Air traffic controllers in the U.K. and Ireland have implemented a system that the National Air Traffic Agency (NATS) says “significantly reduces delays for aircraft and passengers traveling into London Heathrow.” The solution is an enhancement to the existing XMAN (cross-border arrival management) initiative that reduces the length of time that aircraft hold at the airport.
“With approximately 15% of all Heathrow arrivals traveling through Irish airspace, it was important to make it as easy as possible for Irish controllers to help manage traffic flows into Heathrow, and we have worked closely together through the U.K.-Ireland [functional airspace block] to achieve that,” says Pete Dawson, general manager of London Terminal Control at NATS. “This forms part of our longer-term strategy to minimize the use of holding stacks at Heathrow and shows the importance both parties place on cross-border collaboration to improve the service offered to customers.”

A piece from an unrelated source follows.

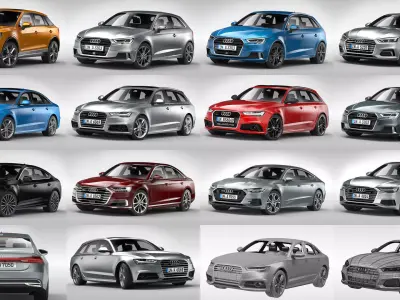 Audi Passenger Cars 2017 - 2019 3D Model Pack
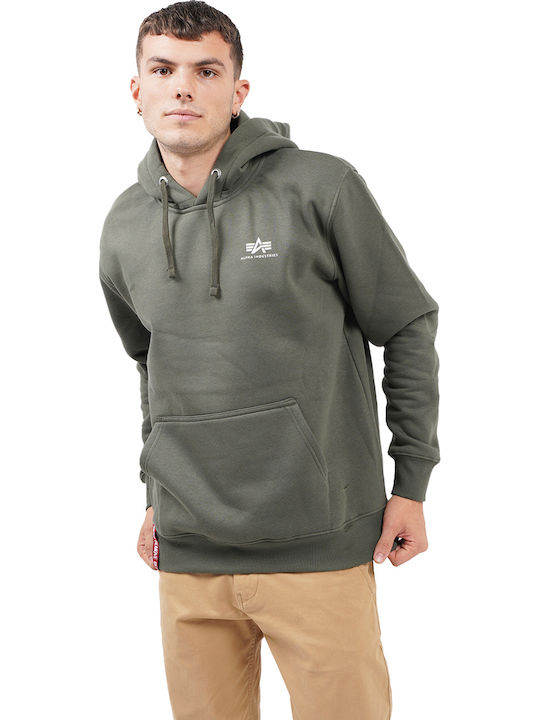 Basic Sweatshirt with Hood Khaki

Less time spent holding means less fuel consumption and carbon dioxide emissions. NATS and the Irish Aviation Authority (IAA) have been working together on XMAN, alongside air navigation service providers in the Netherlands and France. New air traffic management system capabilities can deliver information on delays at Heathrow director to radar screens in IAA’s Shannon en-route control center. Delays can be minimized by reducing aircraft speed in the cruise phase.